La mère de mylord protecteur, écrit, à cette date de 1654, le secrétaire intime de Cromwell, Thurloe, est morte la nuit dernière, âgée de près d’un siècle. Un moment avant d’expirer, elle fit appeler son fils auprès de son lit, et, lui donnant de la main sa bénédiction : Que le Seigneur, lui dit-elle, fasse constamment briller la splendeur de sa face sur vous, mon fils ! Qu’il vous soutienne dans toutes vos adversités ! Qu’il égale vos forces aux grandes choses que le Très-Haut vous a chargé d’accomplir pour la gloire de son saint nom et pour le salut de son peuple !... Mon cher fils, ajouta-t-elle en insistant sur ce nom qui faisait sa gloire au dernier moment, mon cher fils ! je laisse mon esprit et mon cœur avec toi ! Adieu ! adieu ! Et elle retomba, dit Thurloe, dans son dernier assoupissement. Cromwell fondit en larmes comme un homme qui aurait perdu une partie de la lumière qui l’éclairait dans ses ténèbres. Sa mère, qui l’aimait comme fils et qui le vénérait comme élu de Dieu, habitait avec lui le palais des rois de White-Hall ; mais elle y vivait dans un appartement retiré et nu du palais, ne voulant pas, disait-elle, approprier à elle et à ses autres enfants cette splendeur à laquelle le Seigneur condamnait son fils, mais qui n’était que la décoration passagère d’une hôtellerie à laquelle elle ne voulait pas attacher son cœur ni l’existence future de sa famille. De cruels soucis troublaient ses jours et ses nuits dans ce palais des rois, où elle regrettait sa ferme champêtre du pays de Galles. La haine des royalistes, la jalousie des républicains, le ressentiment des niveleurs, le sombre fanatisme des presbytériens, la vengeance des Irlandais et des Écossais, les complots des parlementaires toujours présents à son esprit, lui montraient sans cesse le poignard ou le pistolet d’un assassin levé sur son fils. Quoique très courageuse autrefois, elle ne pouvait entendre l’explosion d’une arme à feu dans les cours sans frémir, et sans courir aux appartements de Cromwell pour s’assurer que son fils n’était pas mort. Cromwell fit à sa mère des funérailles de reine, témoignage de piété filiale plus que d’ostentation. Elle fut ensevelie au milieu des poussières royales ou illustres, sous le parvis de Westminster, ce Saint-Denis des dynasties et des grandeurs britanniques.

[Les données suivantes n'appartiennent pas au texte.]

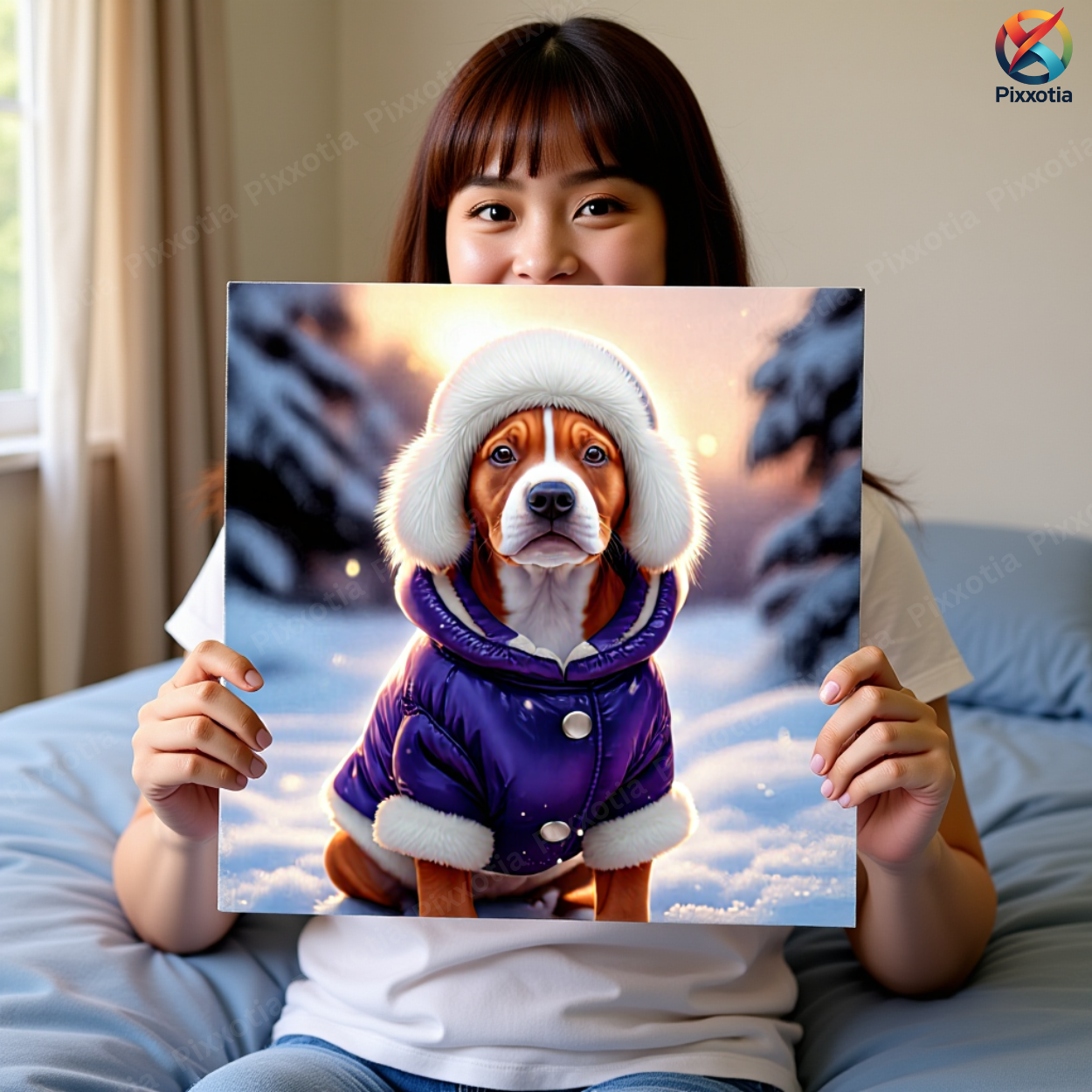 Custom Pet Portrait in Winter Coat – Dog or Cat Royal Digital Art from Photo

Lui-même, depuis quelques années, redoutait de périr par un assassinat. Il portait une cuirasse sous ses habits, des armes défensives à la portée de sa main. Il ne couchait jamais longtemps dans la même chambre du palais, changeant de place et de lit, pour dérouter les trahisons domestiques et les complots militaires. Despote, il subissait les angoisses de la tyrannie. Le poids invisible des haines qu’il avait accumulées pesait sur son imagination et sur son sommeil. Les moindres murmures dans l’armée lui semblaient des présages d’insurrection contre son pouvoir. Tantôt il frappait, tantôt il caressait ceux de ses lieutenants dont il redoutait la révolte. Il cultivait Warwick, il flattait Fairfax, il domptait Ireton, il ramenait avec peine le républicain Fleetwood, à qui il avait donné une de ses filles, républicaine irréconciliable avec la dictature comme son mari ; il éloignait Monk ; il était alarmé de l’intrigue et de la popularité de Lambert, général qui cherchait un parti tantôt dans les royalistes, tantôt dans les républicains, tantôt dans les mécontentements de l’armée. Il craignait de blesser ou d’aliéner le parti militaire en sévissant contre ce soldat ambitieux. Il compensa le commandement qu’il lui enleva par une opulence prodigue, qui retenait Lambert dans la déférence par les liens de la corruption. Mais les partis étaient trop divisés en Angleterre pour se porter à des assassinats contre le dictateur, comme celui du sénat contre César. L’un surveillait l’autre. Cromwell vivait, parce qu’aucun de ces partis n’était certain de profiter de, sa mort. Cependant il avait le sentiment de son impopularité ; la pudeur de son ambition et ses dix discours aux divers parlements de l’interrègne attestent ses efforts, quelquefois humiliants, pour se faire pardonner le rang suprême. On ne connaîtrait pas bien l’homme si on ne connaissait pas ses paroles. L’âme est dans l’accent. Nous traduisons quelques mots au milieu de ce déluge de phrases. La pensée semble s’y noyer dans un verbiage tour à tour humble et impérieux. On y sent partout le fermier parvenu au trône, et le sectaire changeant la tribune en chaire, pour prêcher à son peuple après l’avoir dompté.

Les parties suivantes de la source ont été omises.